Bei vielen alltäglichen Handlungen begegnen uns Anforderungen des Staates, erhalten wir Leistungen oder werden auf Verpflichtungen aufmerksam gemacht. Für ein positives Verhältnis zum Staat ist es notwendig, dass staatliches Handeln gerade dort, wo es uns im Alltag begegnet, verstanden und akzeptiert wird. Entsprechend hat sich das Staatsverständnis der Bürgerinnen und Bürger auch bei uns verändert. Der Staat wird heute nur noch von sehr wenigen als Obrigkeit empfunden, der es zu folgen gilt. Er wird zugleich auch nicht mehr als "Gegner" gesehen, dessen Gewaltmonopol es zu bekämpfen gilt. Vielmehr haben Bürgerinnen und Bürger ein neues Selbstbewusstsein gegenüber ihrem Staat entwickelt. Sie fordern Unterstützung und Hilfe, gleichzeitig aber in vielen Bereichen mehr Freiheit zu eigenverantwortlicher Lebensgestaltung.
Die Bevölkerung weiß: ohne Bürgerinnen und Bürger gibt es keinen Staat, und ohne Steuergelder keine staatlichen Leistungen. Daraus resultiert die Erwartung, dass der Staat für seine Bürger da zu sein hat und nicht umgekehrt.

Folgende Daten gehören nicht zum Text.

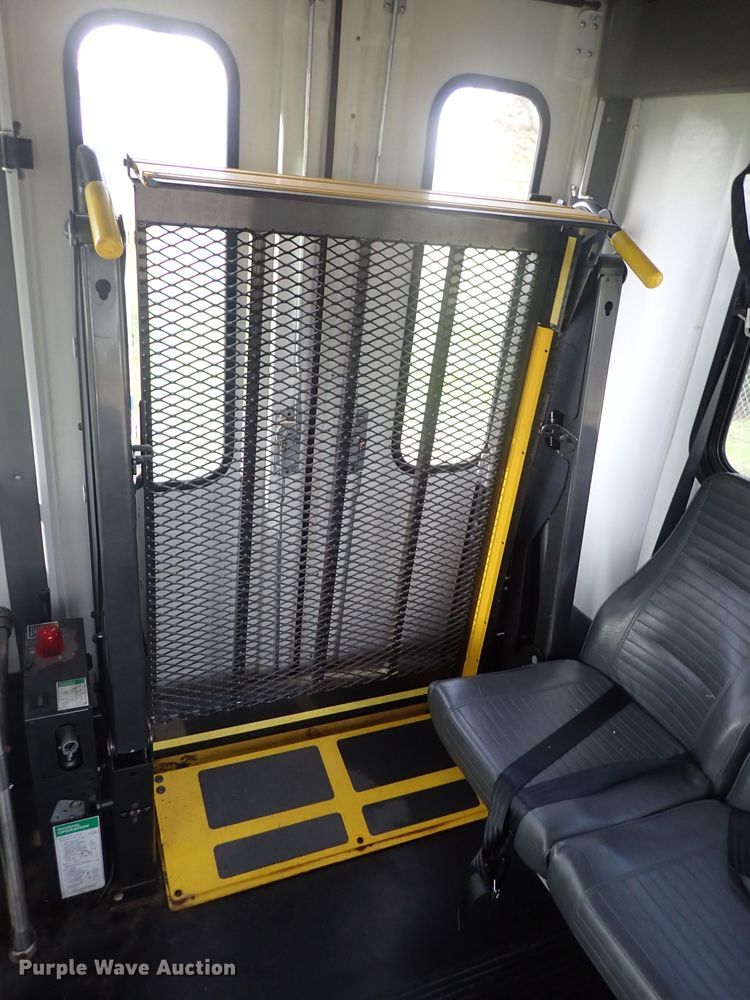 image for item DJ5618 2014 Ford E450 Super Duty  shuttle bus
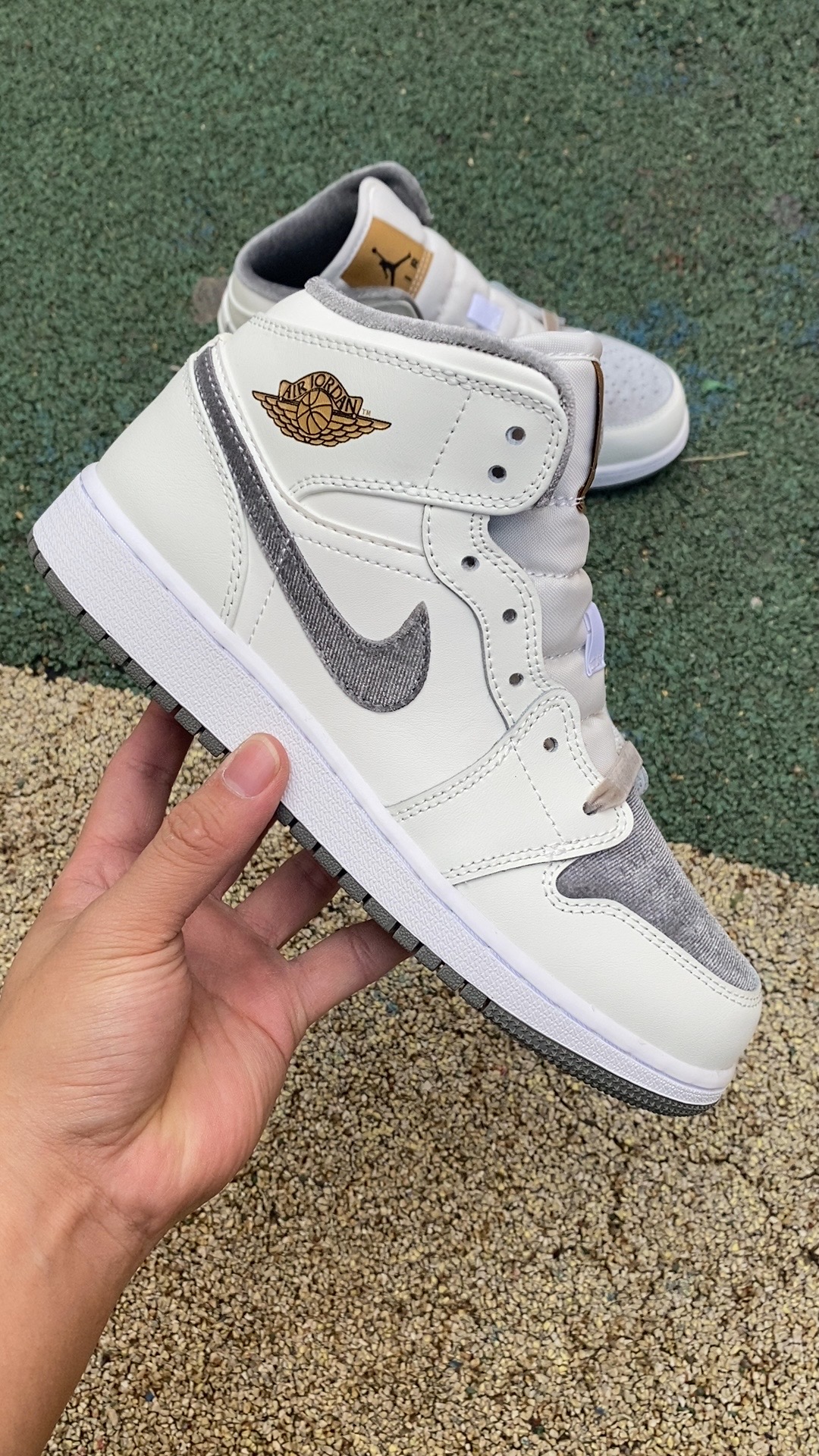 aj1Mid米白灰尺码35.5-40纯原版️AirJordan1MidAJ1女子丝绒拼接中邦复古篮球鞋板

Trotz dieser veränderten Grundeinstellung und einem gewachsenen Selbstbewusstsein fühlen wir uns häufig den staatlichen Institutionen und ihrer Bürokratie ziemlich hilflos ausgeliefert. Viele Vorschriften werden nicht als Schutz für den Einzelnen und die Gemeinschaft empfunden, sondern als Behinderung der persönlichen oder beruflichen Entfaltung. Es ist Ziel der Diskussion um unser neues Verständnis vom Staat und seinen Aufgaben, diesen Widerspruch aufzulösen. Wir müssen uns neu darüber verständigen, wer welche Aufgaben zu erfüllen hat.
Die Freiheit des Einzelnen ist nur in der Gemeinschaft möglich, und die Wahrnehmung elementarer Freiheitsrechte endet dort, wo sie anderen Menschen schadet. Aber verantwortlich handelnde Bürgerinnen und Bürger können mit größeren Freiheiten umgehen, ohne dass dies der Gemeinschaft schadet. Im Gegenteil, ihr Engagement stärkt die Gemeinschaft, wenn es zugelassen wird.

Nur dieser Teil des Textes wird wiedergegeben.